Abrupt Prohibition of Riba in the Quran

One of the general rules of transactions and contracts is the prohibition of usury (*riba*). There is a difference of opinion among jurists as to whether the prohibition of usury, like the ruling on wine, was gradual or abrupt (p. 154). The authors' view is that by summarizing the verses of the Quran, no evidence or indication is found for the theory of the gradual prohibition of usury, because the date of revelation and the content of most verses on usury are inconsistent with this theory. It seems that the abrupt ruling prohibiting usury was announced with the revelation of Quran 30:39, and this ruling was confirmed with the revelation of other verses, such as verses 275 to 279 of Surah al-Baqarah, rebuking those who had not yet abandoned usury (p. 159).
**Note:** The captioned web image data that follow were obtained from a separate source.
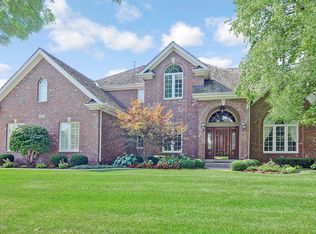 6 Clubside Ct, Burr Ridge, IL 60527
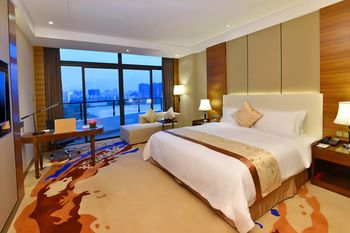 Grand Skylight International Hotel Huizhou 5*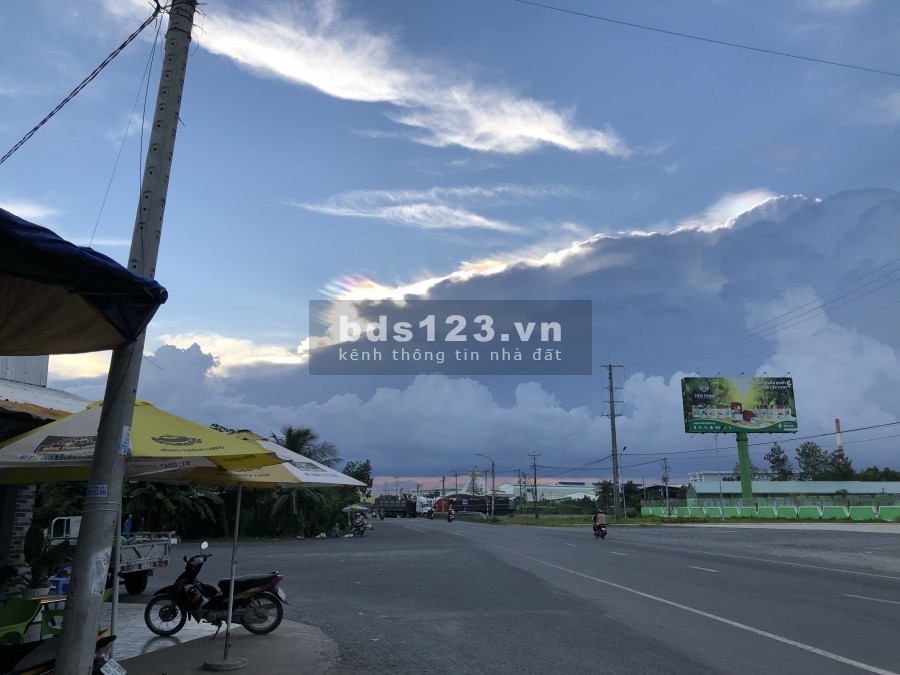 Cần bán đất full thổ cư, gần trung tâm thương mại, sổ riêng từng nền, lhcc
Application of Riba and Riba Loopholes in the Money and Capital Markets

According to the authors, with the expansion of the capitalist system and banking into Islamic countries about 100 years ago, new issues have arisen concerning usury. Among these are new theories about usury and the justification of interest in the capitalist system, especially bank interest and bonds (pp. 165-177). Alongside the prohibition of usury and justifications for the permissibility of bank interest, the authors also discuss the issue of legal stratagems to evade usury and the disagreement of jurists regarding their legitimacy (p. 181), and that both sides have presented their own evidence. Opposition to the cause and wisdom behind the prohibition of usury is among the reasons for the prohibition of usury loopholes (p. 182), and permissive narrations are cited as evidence for the permissibility of usury loopholes (p. 190). The authors believe that a single ruling cannot be applied to all usury loopholes, but by providing specific criteria, permissible loopholes can be distinguished from impermissible ones (p. 196). In their belief, the absence of a serious intention for the transaction, the transaction qualifying as usury despite a serious intention, and the customary and rational equivalence of the loophole with usury are three criteria for distinguishing permissible and impermissible loopholes. Based on this, cash and credit sales, purchase and lease-to-own of fixed assets, and credit sales and the discounting of commercial papers are examples of permissible usury loopholes (pp. 196-199).

Definition of Asset Value and Types of Assets in the Money and Capital Markets

In the fifth chapter of the book, under the title "Legal Capacity of the Contracting Parties and Conditions of the Exchanged Items," seven conditions for the legal capacity of the parties to a contract are considered, citing jurisprudential texts, which are: puberty, reason, absence of legal restriction (*hajr*), free will, intention, permission to dispose, and specification of the contracting party (p. 215). The difference between the nature of an asset (*mal*) and its value (*maliyyah*) and its realization in objects from the perspective of jurists and economists (exchange value) is also one of the fundamental topics in financial contracts that is addressed in the book (p. 227). Also, types of assets have been divided in one respect into tangible assets (*'ayn*), usufruct (*manfa'ah*), and rights, and for each of these, types have been mentioned, although there is jurisprudential disagreement on some of them (p. 228).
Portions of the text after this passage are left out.